Another important discussion topic is the consensus in not considering appendicitis with complication an ACSC and the lack of consensus in further nine previously considered conditions. This fact elicits the discussion on the context specificities to which is important to adapt the ACSC lists. This may also reflect the limitation of using experts’ opinion to define ACSCs. In summary, the influx and efflux of conditions considered ACSC reflects the importance of regularly updating the lists. Nearly all the previous lists used in the comparison in Table 4 were developed more than 10 years ago. The constant development of knowledge, technology and healthcare design demands that the ACSC lists are updated more regularly.
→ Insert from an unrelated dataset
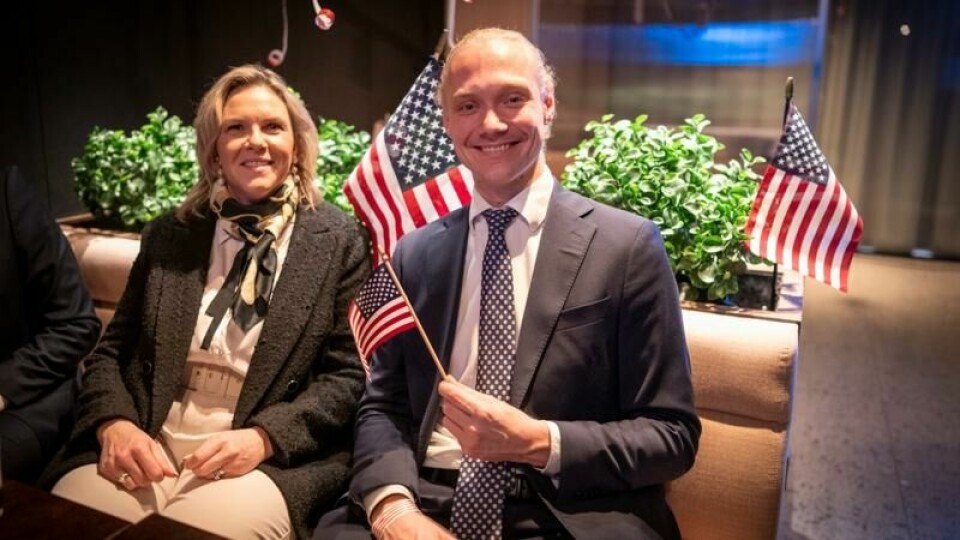 Frp-leder Sylvi Listhaug og Frpu-leder Simen Velle på valgvake til Den amerikanske ambassaden og AmCham på Trekanten i Oslo under årets presidentvalg, som Donald Trump kom seirende ut av.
The rates of hospitalization in this paper are in line with previous studies regarding the most frequent ACSCs in Portugal being pneumonia, COPD, cardiovascular diseases, urinary tract infection and diabetes. Using the developed list, we identified that 16.1% of all hospitalizations were for ACSC. This is higher than what was found in previous studies, due to the inclusion of more conditions. Previous studies identified 4.4%20, 9.9%15 and 12.3%19 between 2012 and 2015. These studies used different lists, therefore the differences between results.
The development of a validated list for the Portuguese context is important, as the use of a common methodology can standardize results, enhancing comparability within the country. The use of the country-specific list can also better reflect the health system organization and population characteristics of Portugal, therefore with a higher specificity to the Portuguese context. It does however hinder international comparability. Having validated an ACSC list for the Portuguese setting it is expected that henceforward official authorities and academic research use this list when measuring ACSC hospitalizations.
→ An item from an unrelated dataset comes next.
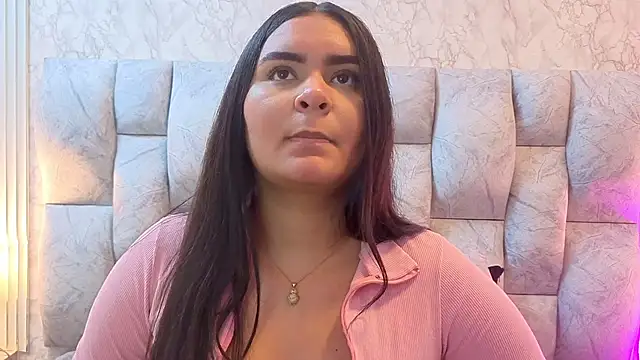 amarahanks1 online show from November 2025 07:24:02 PM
Finally, it is important to address some limitations inherent not only to this paper, but also to the concept and operationalization of ACSC as an indicator of access and quality of care.
The use of experts’ opinion in the definition of ACSCs is subject to several biases, as well as the process of translating conditions into diagnosis codes. Furthermore, the use of administrative databases intended for financial purposes and subject to coding quality variations also recommends precaution in the interpretation of the results herein described. However, these variations should not be relevant enough to compromise the big picture, but should be taken into account when trying to zoom in to lower levels of aggregation. For example, while at the national and regional level this indicator is useful to identify Public Health priorities it might not be adequate at the local and individual level to evaluate specific providers’ access and quality once the aforementioned biases may cause an important lack of specificity. The regional and local use should also take into account several determinants of ACSC hospitalizations, such as socioeconomic status, hospital distance and rurality29 − 32, disease and multimorbidity prevalence24, in order to achieve a necessary risk adjustment of results.